Yeah ... the _real_ story is that RC2 is bombing Greenland _with train loads of the molds_ for Polar Lights kits -- Da Queen is just consulting on things such as potential targets and how many locomotives for each train, etc.

Please make sure you get irrefutable facts such as these correct; it is of *vital* importance!

Qapla'

SSB


----------



## abacero (Oct 24, 2005)

*Let me check...*

I was reading all over the PL return... the Jedi returned... McArthur returned...Spock returned... so Why PL can not return?  

And, by the way, we will have a Modelers Convention here in Albuquerque on Friday and Saturday. If I have some news, I will post it. Is Called Chile-Con for the IPMS Region 10. Hope any of you can pay a visit. :thumbsup: 

Regards,

Abacero


----------



## iamweasel (Aug 14, 2000)

sbaxter said:


> Yeah ... the _real_ story is that RC2 is bombing Greenland _with train loads of the molds_ for Polar Lights kits -- Da Queen is just consulting on things such as potential targets and how many locomotives for each train, etc.
> 
> Please make sure you get irrefutable facts such as these correct; it is of *vital* importance!
> 
> ...


Why should we let facts get in the way, they haven't tended to matter lately.


----------



## JamesDFarrow (Sep 18, 1999)

Bomb Canada with PL kits!

:thumbsup: 

James


----------



## Zorro (Jun 22, 1999)

Henceforth, the green beans served in the Polar Lights cafeteria will be re-christened ... _*PATRIOT PODS!!!*_


----------



## Cougar184 (Jan 8, 2002)

the little voices in my head told me that PL is going to come out with a 1/350th scale Ent-E


----------



## THRUSH Central (Feb 20, 2003)

Actually, THIS is the rumor that got the CIA official fired!
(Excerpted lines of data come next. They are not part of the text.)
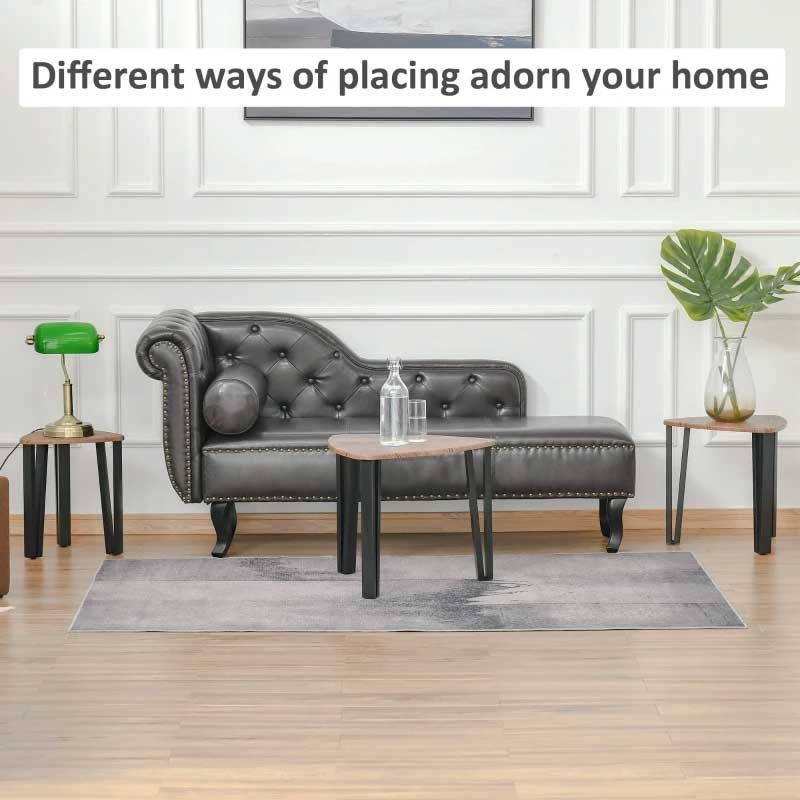 Multifunctional Side Table Set of 3 – Walnut & Black Modern Tables with Metal Legs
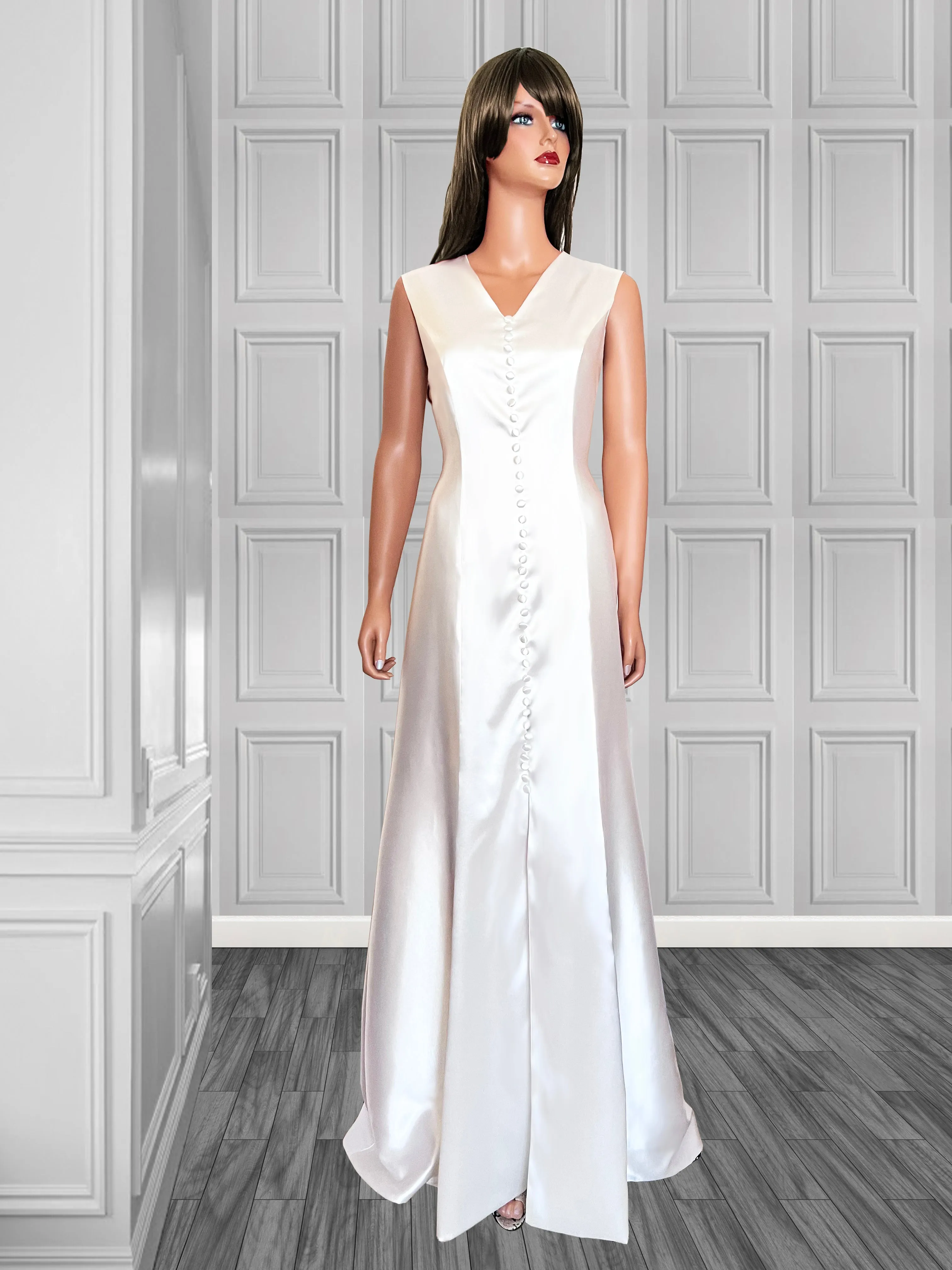 Sunset Satin Gown covered buttons *High quality
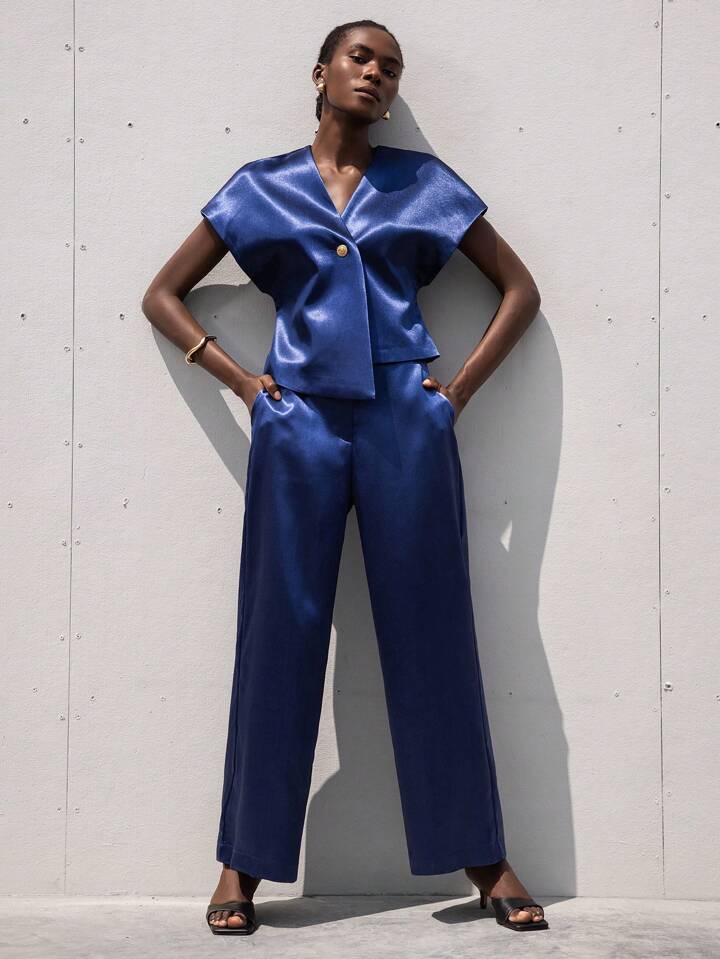 CM-SS792864 Women Elegant Seoul Style Silky Satin One-Button Short Sleeve Blouse With Straight Leg Pants - Set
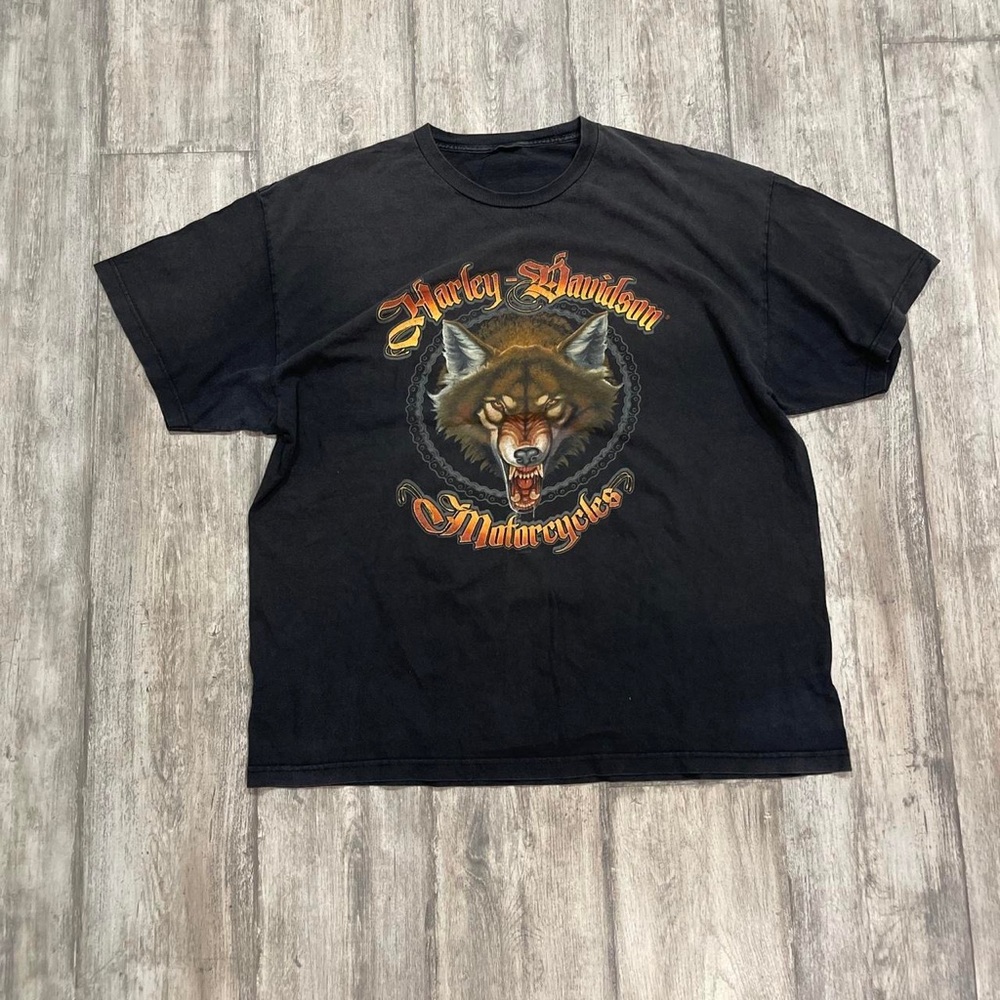 Harley Davidson wolf cyber y2k t shirt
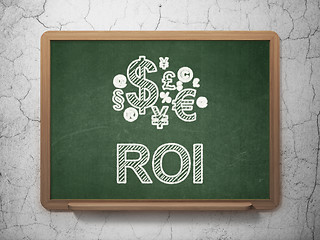 Image showing Finance concept: Finance Symbol and ROI on chalkboard background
It wasn't suppose to leak! (At least this early!)

GREAT way to start a thread! Very inventive!

Now, about the MAN from UNCLE DVDS and the rights to the program... the latest word is that they are "working on it!" Del Flora told me himself... T.U.C.


----------



## Lloyd Collins (Sep 25, 2004)

It is official now! I haven't a clue what is going on.


----------



## RogueJ (Oct 29, 2000)

Well...if it looks like a duck, walks like a duck and quacks like a......waitdaminute who in the hell want to build a model of a duck?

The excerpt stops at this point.